» **Assignment**
Print the line that has "Close-up image of" in it, then every remaining line of the data, exactly and without anything extra.

» **Stored data**
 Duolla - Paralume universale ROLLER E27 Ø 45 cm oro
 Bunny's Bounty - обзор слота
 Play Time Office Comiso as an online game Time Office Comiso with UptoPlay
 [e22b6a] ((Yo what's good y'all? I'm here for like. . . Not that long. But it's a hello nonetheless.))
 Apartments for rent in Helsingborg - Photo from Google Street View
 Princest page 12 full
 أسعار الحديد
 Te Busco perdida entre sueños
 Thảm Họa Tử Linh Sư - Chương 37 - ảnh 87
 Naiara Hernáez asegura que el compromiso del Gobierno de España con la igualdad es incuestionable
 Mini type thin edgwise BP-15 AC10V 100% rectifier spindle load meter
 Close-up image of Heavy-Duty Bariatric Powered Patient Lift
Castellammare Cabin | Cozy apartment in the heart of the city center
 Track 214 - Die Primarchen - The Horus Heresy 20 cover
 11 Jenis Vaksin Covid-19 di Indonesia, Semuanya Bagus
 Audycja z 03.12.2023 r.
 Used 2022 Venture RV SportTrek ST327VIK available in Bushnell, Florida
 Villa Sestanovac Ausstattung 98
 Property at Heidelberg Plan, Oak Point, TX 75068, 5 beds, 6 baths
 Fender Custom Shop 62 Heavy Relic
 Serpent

» **Result**
 Close-up image of Heavy-Duty Bariatric Powered Patient Lift
Castellammare Cabin | Cozy apartment in the heart of the city center
 Track 214 - Die Primarchen - The Horus Heresy 20 cover
 11 Jenis Vaksin Covid-19 di Indonesia, Semuanya Bagus
 Audycja z 03.12.2023 r.
 Used 2022 Venture RV SportTrek ST327VIK available in Bushnell, Florida
 Villa Sestanovac Ausstattung 98
 Property at Heidelberg Plan, Oak Point, TX 75068, 5 beds, 6 baths
 Fender Custom Shop 62 Heavy Relic
 Serpent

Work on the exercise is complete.